──────── DATA PROVIDED ────────

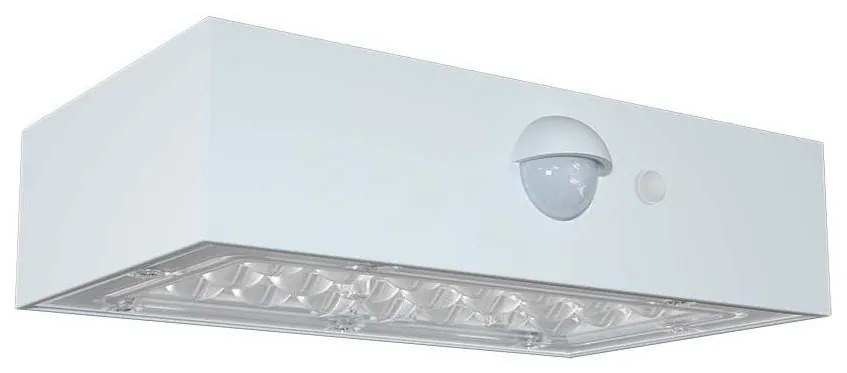 LED Napelemes érzékelős fali lámpa LED/3W/3,7V 3000K/4000K IP65 fehér
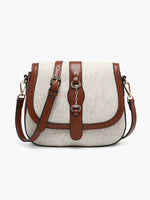 M2588 Vanna Woven Contrast Crossbody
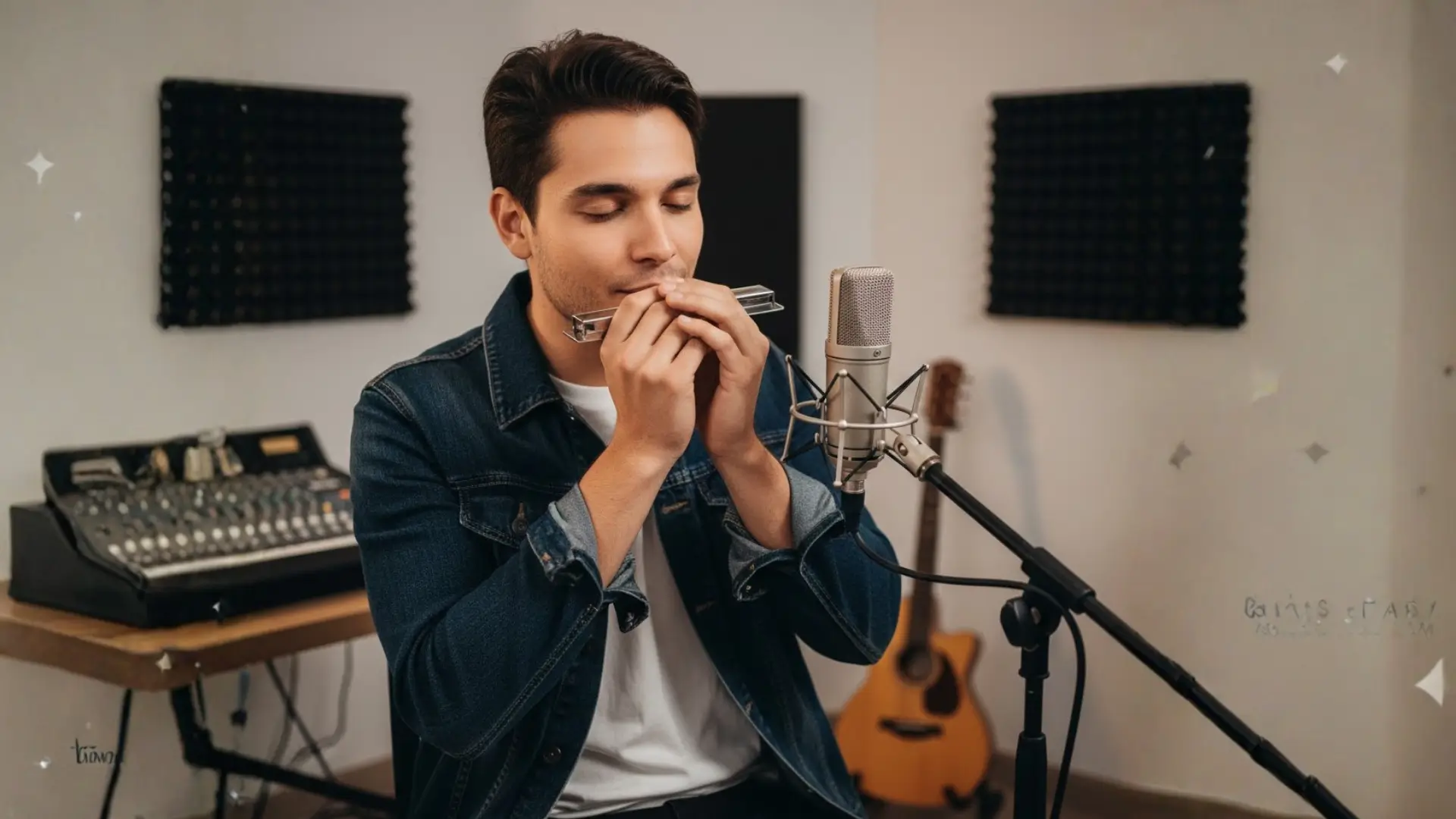 jovem tocando gaita com técnica na M-Arts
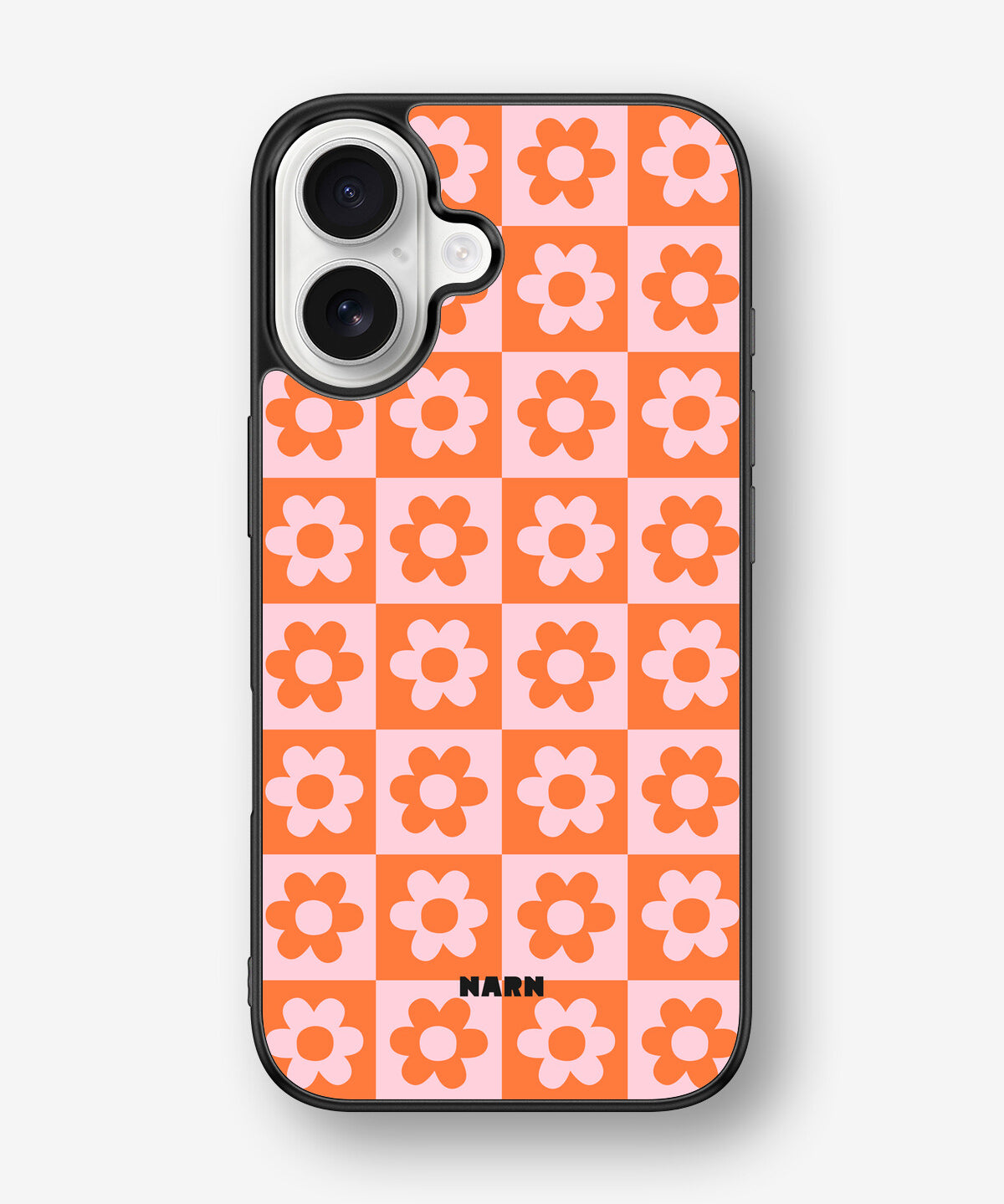 iPhone 16 Hard Case – Peach Petals - View 1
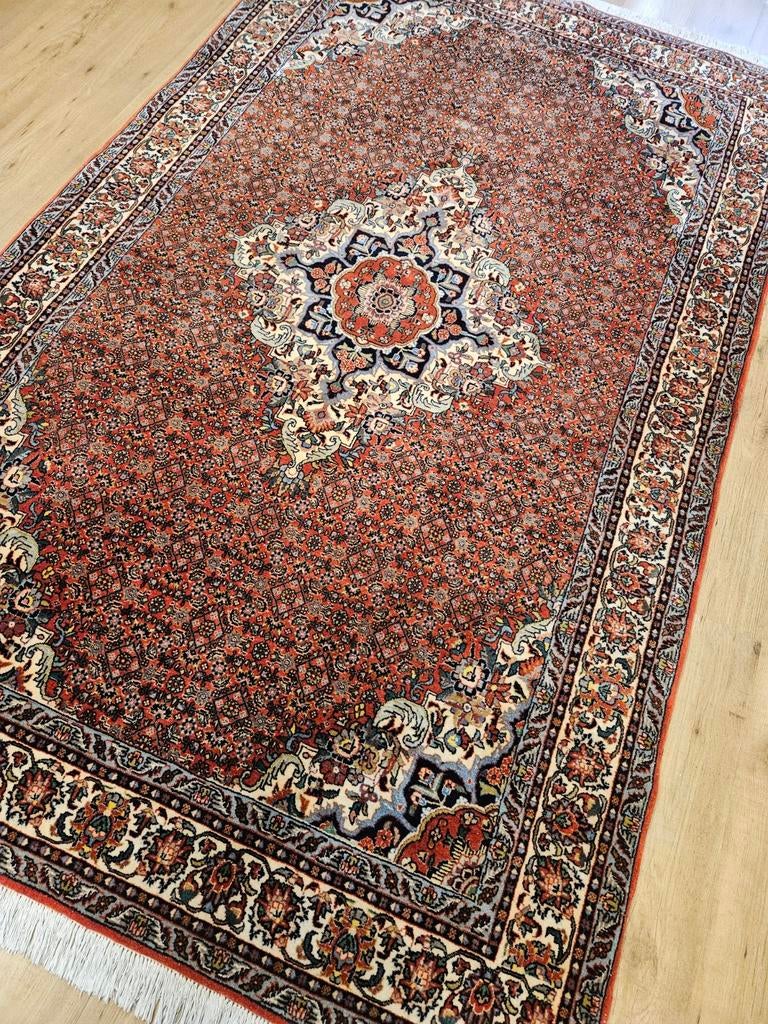 Vintage handgeknoopt perzisch tapijt bidjar 265x156, Info@SlatsAntiek.nl, Perzisch, 150 tot 200 cm, 200 cm of meer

────────

§ REQUIREMENT: From the line that holds "iPhone 16 Hard Case – Peach Petals - View 1" down to the last line of the material above, every line is to be copied exactly, both ends included; pictures are to be omitted.

§ EXERCISE OUTPUT:
 iPhone 16 Hard Case – Peach Petals - View 1
 Vintage handgeknoopt perzisch tapijt bidjar 265x156, Info@SlatsAntiek.nl, Perzisch, 150 tot 200 cm, 200 cm of meer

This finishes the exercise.